Fun and Fitness: Putting yourself in your coach's shoes

It's a funny world we live in. At Fanshawe College, the saying is more along the lines of, “It's a funny building we work in.” Whether you are faculty, support staff or a student, we can all relate to this saying in one form or another.

For M building students, it may be the before and after radio or Fanshawe TV antics that could make up several hours of fantastic bloopers. For Tim Hortons staff, it's more than likely the profound sadness they witness from a customer who has lost 10 times in a row in Roll Up the Rim, followed by another ecstatic customer who is freaking out over winning a donut. In J building, it's been a common theme of athletes and other students alike who are concerned that their coaches, teachers, mentors and friends may be a little harsh with their expectations.

As some of Fanshawe's varsity teams progress in provincial tournaments or even nationals, other teams unfortunately meet a shorter season's end. Naturally, players and coaches can butt heads from time to time and it's often around this time that those animosities may be magnified. The echoes of agonizing personal training clients' voices are often heard through the hallways of the Fanshawe College Community Fitness Centre. You hear some say that their trainers pushed them too hard, or were a little intimidating in their overall approach. Paramedic, Fitness and Health Promotion and Police Foundations students are often also heard expressing similar concerns. Some feel their practical evaluations are too difficult or unfair in order to become successful, and that their professors are overly demanding. I'm not saying any of this is funny. However, it's definitely humorous that it's a very common theme around this time of year.

Between being a J building program graduate, co-op student, employee, personal trainer and professor, I've experienced the pressures of what it feels like to be on both ends. I can honestly say that I truly sympathize with both sides. I can testify that it's not only the coaches who have a “coach's mentality” so to speak, but this goes for many of the personal trainers and professors as well. Hell, this goes for any superiors in general. Many of them adapt some form of this coach's approach.

Miscommunication, lack of knowledge and other typical variables aside, most people can agree that the coach's mentality entails one main focus: to get the best out of his or her players/students/clients, even if it means having to give tough love. We have all wanted to run away from home at one point or another because our parents screamed at us to a point we could never imagine was possible. And who knows, maybe some of our parents did go a little too far at times. But when most of us look back, we get it now, and we understand why they did what they had to do.

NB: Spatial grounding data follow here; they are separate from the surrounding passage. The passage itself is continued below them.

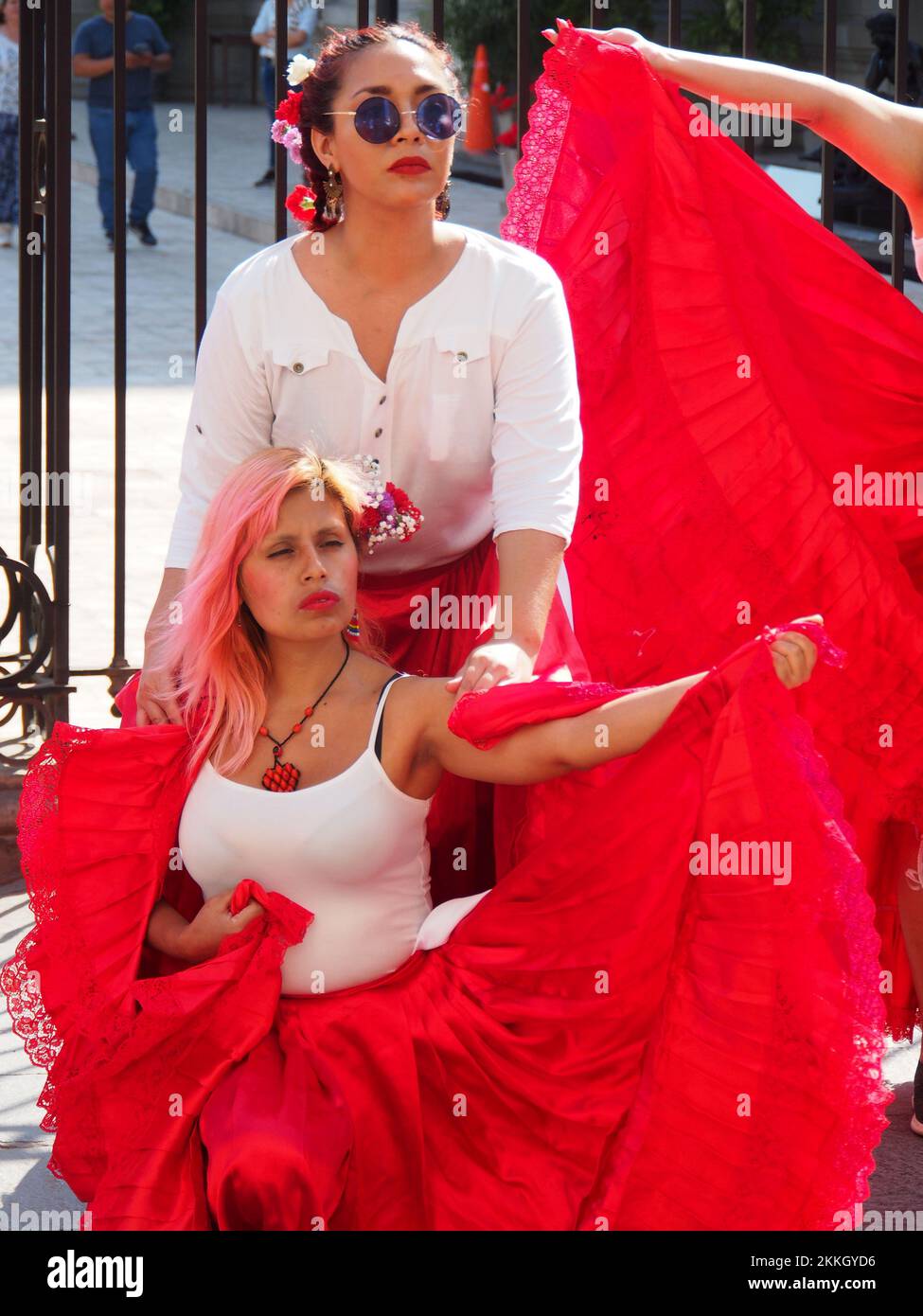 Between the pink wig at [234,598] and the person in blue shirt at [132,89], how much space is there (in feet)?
30.2

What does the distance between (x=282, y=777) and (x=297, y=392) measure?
2.11 ft

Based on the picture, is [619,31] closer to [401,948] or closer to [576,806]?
[576,806]

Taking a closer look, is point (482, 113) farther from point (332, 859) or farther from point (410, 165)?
point (332, 859)

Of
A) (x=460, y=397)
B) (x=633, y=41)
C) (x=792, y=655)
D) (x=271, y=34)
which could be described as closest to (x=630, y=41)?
(x=633, y=41)

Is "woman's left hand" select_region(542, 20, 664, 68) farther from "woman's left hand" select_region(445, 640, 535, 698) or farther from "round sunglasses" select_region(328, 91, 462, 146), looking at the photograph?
"woman's left hand" select_region(445, 640, 535, 698)

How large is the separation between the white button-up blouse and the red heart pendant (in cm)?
43

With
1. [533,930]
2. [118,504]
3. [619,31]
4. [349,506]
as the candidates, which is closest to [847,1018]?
[533,930]

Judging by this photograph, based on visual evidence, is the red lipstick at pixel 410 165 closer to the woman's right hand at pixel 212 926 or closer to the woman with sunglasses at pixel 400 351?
the woman with sunglasses at pixel 400 351

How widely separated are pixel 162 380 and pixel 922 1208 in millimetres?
7357

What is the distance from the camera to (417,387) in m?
3.08

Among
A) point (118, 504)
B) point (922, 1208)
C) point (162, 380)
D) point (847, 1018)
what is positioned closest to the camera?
point (847, 1018)

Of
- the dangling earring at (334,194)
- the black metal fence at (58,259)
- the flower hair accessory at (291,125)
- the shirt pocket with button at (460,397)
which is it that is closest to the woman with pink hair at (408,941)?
the shirt pocket with button at (460,397)

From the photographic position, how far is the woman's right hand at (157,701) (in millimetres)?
3035

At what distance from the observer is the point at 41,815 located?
3006 millimetres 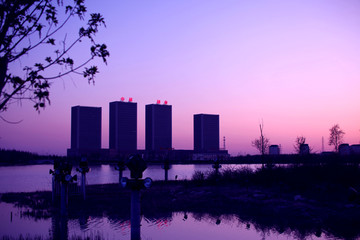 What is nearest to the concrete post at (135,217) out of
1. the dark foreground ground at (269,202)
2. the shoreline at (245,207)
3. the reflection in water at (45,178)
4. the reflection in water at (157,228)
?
the reflection in water at (157,228)

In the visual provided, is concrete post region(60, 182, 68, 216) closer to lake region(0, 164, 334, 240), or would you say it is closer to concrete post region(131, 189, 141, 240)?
lake region(0, 164, 334, 240)

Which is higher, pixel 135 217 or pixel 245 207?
pixel 135 217

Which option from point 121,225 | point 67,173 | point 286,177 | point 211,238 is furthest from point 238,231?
point 286,177

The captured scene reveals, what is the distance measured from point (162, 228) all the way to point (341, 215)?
793cm

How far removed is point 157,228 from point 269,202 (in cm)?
745

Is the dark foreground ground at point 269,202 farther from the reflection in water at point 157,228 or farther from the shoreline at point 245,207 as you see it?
the reflection in water at point 157,228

Some people need a fire lit under their ass while others take care of themselves. It's just human nature, and tough love is often the only way to direct much needed adjustments of attitude and behaviour. But it's important not to confuse work and success. Some gain success without working hard at all, while others work as hard as humanly possible without much success at all. Those who have adopted the coach's mentality always applaud hard workers regardless of outcome. You may get to the next level, you may not. But if you work your ass off, you leave no room for regrets, and the coach sleeps well knowing that he or she did everything they could to make sure of that whether you liked it or not.

Coaches, like parents, can sometimes take it too far, and unfortunately we often realize that after the damage has been done. The important thing to understand is that it is never personal. What coaches have zero tolerance for is those individuals who don't work at all but find every conceivable way possible to whine and make excuses. I remember once having a student show up to his final practical exam but had never been to one single class the entire semester. He had already failed the course, regardless of whatever mark he could manage to pull on the final exam. I saved him the time of writing the exam for no reason and explained his predicament. He answered politely explaining that he understood and that he had nobody to blame but himself. Now, that guy didn't work at all for the entire semester, but any coach will respect a student, client or player who owns up to his or her mistakes.

Some people thrive on being pushed as hard as possible, regardless of how harsh it may be. Others cry at the most subtle hint of constructive criticism. Sometimes certain superiors and subordinates will never mesh because of distinct personality traits that can't be overcome for the greater good of the overall goal. Some individuals will never be able to accept the coach's “welcome to the real world” attitude and approach. Whether they like it or not, coaches have a point and it is that life is tough, so get ready as soon as possible or suffer the consequences later on or worse off, the rest of your life. Coaches have to remember that each and every individual is very distinct in personality and different approaches are absolutely necessary to extract desired behaviours and results. In the end, whether you're dealing with a teacher, a trainer or a coach, it's how you influence them in a positive manner that matters the most.